#### PROBLEM REQUIREMENTS
Reproduce the records exactly, beginning with their first line and ending with the line that contains "Symbol Menu", and output nothing more.

Data items

______

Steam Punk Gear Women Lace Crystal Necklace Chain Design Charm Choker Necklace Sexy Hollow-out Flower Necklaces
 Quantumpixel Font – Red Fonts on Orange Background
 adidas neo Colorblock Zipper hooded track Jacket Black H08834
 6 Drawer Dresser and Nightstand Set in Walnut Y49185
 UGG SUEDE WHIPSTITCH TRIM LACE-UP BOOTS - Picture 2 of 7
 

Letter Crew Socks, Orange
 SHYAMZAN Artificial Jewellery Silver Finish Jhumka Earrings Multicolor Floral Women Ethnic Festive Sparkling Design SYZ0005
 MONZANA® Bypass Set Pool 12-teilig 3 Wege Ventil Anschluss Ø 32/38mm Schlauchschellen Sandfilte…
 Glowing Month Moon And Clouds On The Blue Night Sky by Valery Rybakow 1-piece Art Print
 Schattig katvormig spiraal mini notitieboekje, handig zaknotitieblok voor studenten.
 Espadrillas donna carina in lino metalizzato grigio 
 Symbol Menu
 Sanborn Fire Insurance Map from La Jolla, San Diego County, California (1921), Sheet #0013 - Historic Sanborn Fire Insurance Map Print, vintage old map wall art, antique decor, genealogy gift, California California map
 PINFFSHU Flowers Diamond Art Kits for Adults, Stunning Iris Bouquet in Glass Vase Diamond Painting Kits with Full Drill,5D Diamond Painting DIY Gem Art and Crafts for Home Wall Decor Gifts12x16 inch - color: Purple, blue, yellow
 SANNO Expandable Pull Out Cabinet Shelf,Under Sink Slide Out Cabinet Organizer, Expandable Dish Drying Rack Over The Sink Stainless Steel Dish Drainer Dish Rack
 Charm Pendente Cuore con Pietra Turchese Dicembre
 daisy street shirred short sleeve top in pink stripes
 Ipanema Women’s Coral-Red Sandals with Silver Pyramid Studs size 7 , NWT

______

#### RESPONSE BOX
Steam Punk Gear Women Lace Crystal Necklace Chain Design Charm Choker Necklace Sexy Hollow-out Flower Necklaces
 Quantumpixel Font – Red Fonts on Orange Background
 adidas neo Colorblock Zipper hooded track Jacket Black H08834
 6 Drawer Dresser and Nightstand Set in Walnut Y49185
 UGG SUEDE WHIPSTITCH TRIM LACE-UP BOOTS - Picture 2 of 7
 

Letter Crew Socks, Orange
 SHYAMZAN Artificial Jewellery Silver Finish Jhumka Earrings Multicolor Floral Women Ethnic Festive Sparkling Design SYZ0005
 MONZANA® Bypass Set Pool 12-teilig 3 Wege Ventil Anschluss Ø 32/38mm Schlauchschellen Sandfilte…
 Glowing Month Moon And Clouds On The Blue Night Sky by Valery Rybakow 1-piece Art Print
 Schattig katvormig spiraal mini notitieboekje, handig zaknotitieblok voor studenten.
 Espadrillas donna carina in lino metalizzato grigio 
 Symbol Menu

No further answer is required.